# [PCGH Extreme] Tim Sweeney (Epic) talks Triple-Core



## PCGH_Thilo (19. September 2007)

We had the time to chat briefly via mail with *Tim Sweeney from Epic Games*. Topic was the announcement of AMDs triple core plans and what this means for developers. Thanks @ Tim for taking the time to answer our questions.


* PCGH:* Is there enough space "between" Dual and Quadcore CPUs to optimize for? I.E. is it feasible to optimize for two cores, three cores etc. or rather optimize for "many cores", regardless of the exact number?

*   Tim:* Yes.  Unreal Engine 3 runs two primary threads and a scalable pool of helper threads.  The primary threads handle gameplay and rendering, and provide a constant heavy computing load.  The helper threads are scalable to many cores, and handle physics updates, streaming, and decompression now, with threading support being added to other systems over time.  In this architecture, a 3-core PC would provide measurably more physics performance than a dual-core PC.

*   PCGH:* What kind of differentiation can you imagine for gaming workloads to be distributed between three cores?

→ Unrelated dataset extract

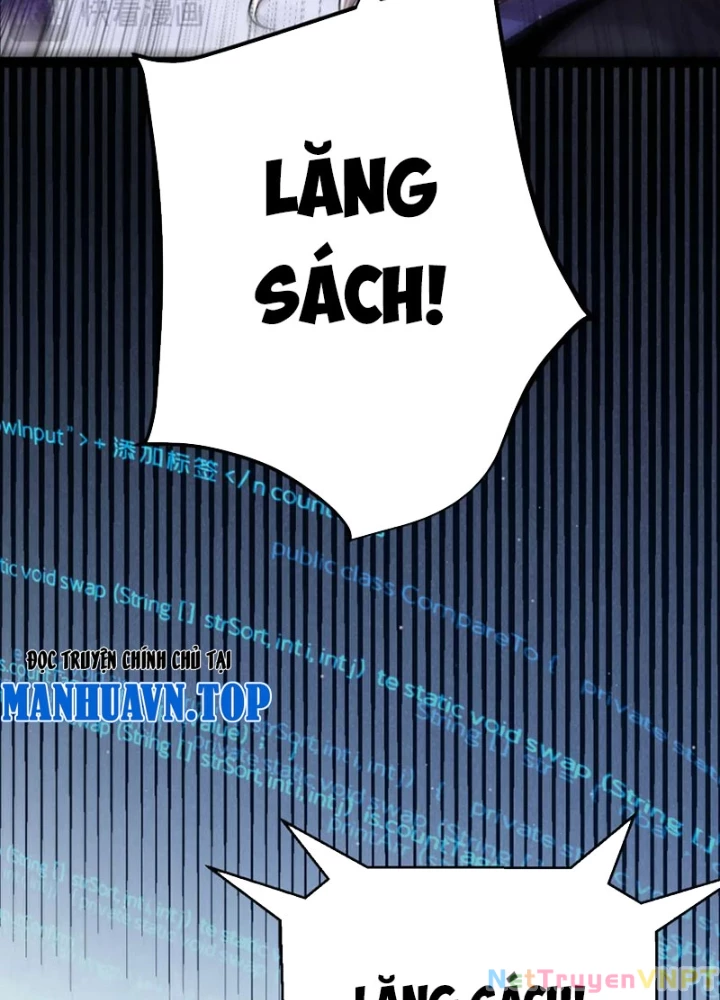 Tôi Đến Từ Thế Giới Trò Chơi Chapter 358 - Trang 2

*   Tim:* The possibilities are unlimited, whether the additional cores are used for running features that add new detail to the game, or simply helping to maintain a higher frame rate.

*   PCGH:* Is a console-game, especially a Xbox360 port, a "natural" to profit from three but not necessarily four cores?

*   Tim: *Any game built with Unreal Engine 3 should scale naturally from 1 to 4 cores right now.  Other games may differ in their porting requirements. Even for games that support fewer cores than a PC provides, there may still be benefits.  For example, those extra cores could be used by other Windows applications to play music, serve media, or run file-sharing software seamlessly while you're playing games.

  Tim Sweeney
  Epic Games


----------